■ TASK: The answer is the full listing restated exactly, without any pictures.
Start of INFORMATION SHOWN
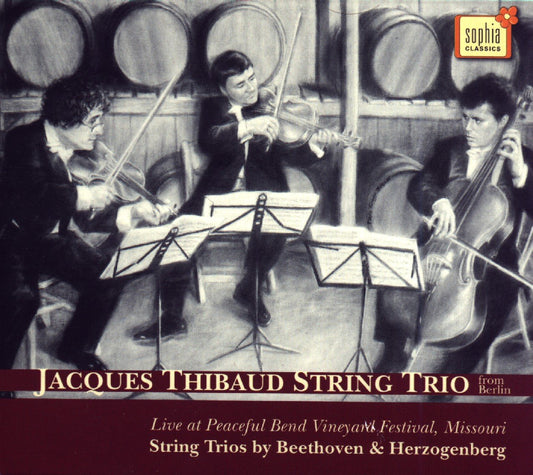 Beethoven, Schubert & Herzogenberg: String Trios - Jacques Thibaud String Trio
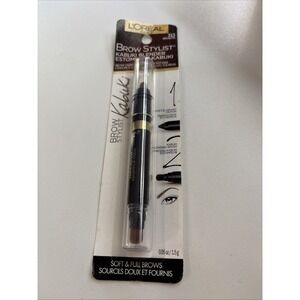L'Oréal Brow Stylist Kabuki Blender Brow Crayon and Blender 313‎ Brunette 1.5g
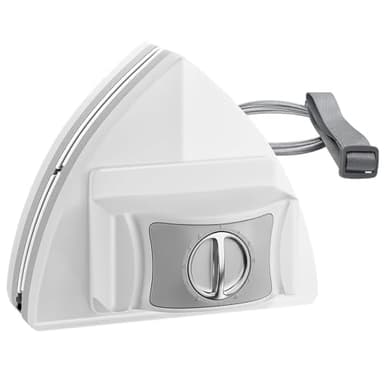 Mitclear Nettoyeur de Vitre Magnétique Double Face, Outil de Nettoyage Vitre Réglage, Lava Vitre Aimanté Double Vitrage, Équipement Magnétique de Lavage de Vitre, pour Fenêtres d’Épaisseur 5-35mm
End of INFORMATION SHOWN
■ ANSWER TO THIS TASK:
 Beethoven, Schubert & Herzogenberg: String Trios - Jacques Thibaud String Trio
L'Oréal Brow Stylist Kabuki Blender Brow Crayon and Blender 313‎ Brunette 1.5g
 Mitclear Nettoyeur de Vitre Magnétique Double Face, Outil de Nettoyage Vitre Réglage, Lava Vitre Aimanté Double Vitrage, Équipement Magnétique de Lavage de Vitre, pour Fenêtres d’Épaisseur 5-35mm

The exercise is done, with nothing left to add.